Directed by Sohaib, the Aao De Dein Inhain Zindagi video is simply done with Roy in front of a chalk board and Abida somewhere near him, in other frames books, children and an abacus also make their appearance in the midst of text scrolling across the screen with messages in them. The video is expected to be released on the airwaves shortly.

But this is not the only thing that Shehzad Roy has up his sleeve as according to him the heir to the English throne, Prince Charles, has offered to send representatives from the Volunteer Service Overseas (VSO) to help train teachers working for Zindagi Trust as well. A workable plan is being formulated currently to help get this in process. Also joining in the ZT team is Sami Mustafa, the principle of the Centre of Advanced Studies (CAS) in Karachi. Roy acknowledges his contribution and is pretty excited about having him on board.

Shehzad speaks very strongly about education and how it can help to not only change a person's life but also their overall civic sense. At the end of it all, it can be said that he not only has the vision but also the focus, determination and most importantly, the heart, to try and realise it. And this, his latest collaboration with Abida Parveen might just be a little peek into how he plans to go about it.

Qismet Apnay Haath Mein In 2008

While too many musicians in Pakistan seem content to skirt over issues of socio-political importance, treading the same dregs of human emotion again and again. However, after the boisterous Saali, Shehzad Roy has decided to pen an album of tracks that has more than its fair share of swipes at the current elites in charge of the nation (peppered, of course, in between the usual fare of radio-friendly ballads and songs leering over the edge with catchy — if not cheesy — riffs).
Qismet Apnay Haath Mein has generated a substantial amount of hype and fanfare for the seemingly controversial material embedded within the album.

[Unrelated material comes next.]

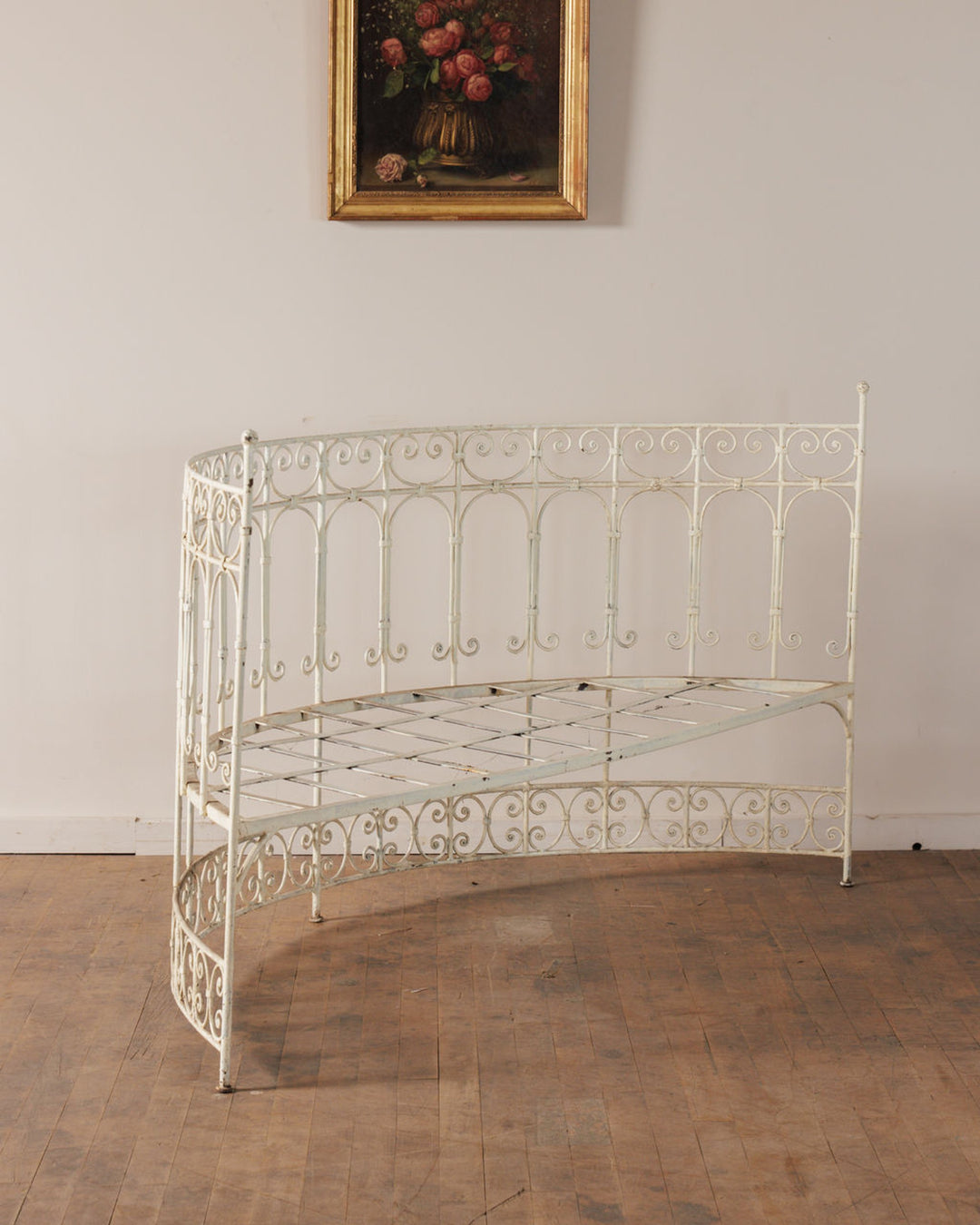 White curved ornate wrought iron bench with a floral painting above.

Of the songs on the album, Laga Reh, has been prompted to the fore with its polemic nature. It starts off with Roy going “Mein jab dus saal ka tha, toh maine nine o’clock news par suna kay Pakistan tareekh kay aik nazuk morh se guzar raha hai.” One rather jumpy guitar riff later, he pronounces, “Mein phir 20 saal ka huwa, maine phir nine o’clock news par suna kay Pakistan tareekh kay aik nazuk morh se guzar raha hai.” A stark commentary on the way our nation is run is juxtaposed here, in a rather surreal manner, with the usual Shehzad Roy manner of song; lots of jovial guitar riffs running around coupled with bhangra-esque percussion.

Shehzad Roy’s method of tackling issues of political and social importance in his music differs however from those of, say, Rage Against the Machine. Surprisingly, his commentary is deft and full of sarcastic quips, rather than an outright attack on the institutions in our country. This is evidenced in the other significant politically-charged track on the album, the title track, Qismet Apnay Haath Mein. Throughout the album Roy is lyrically in fine form, chucking interesting turns of phrase left, right and centre with aplomb.
Musically, the album is rather scattershot. On occasions, it has some wonderful moments of balladry and sheer hook-laden pop, with wonderful melodies floating all over the songs (post chorus in Qismet Apnay Haath Mein). There’s also some fantastic guitar work on the album; as mellow and emotive as it is often enamored with ‘funk.’ Janay Kahan opens up with a brilliant harmonised riff that settles easily into the song, while Aankhen has guitar work that at times acutely resembles Incubus.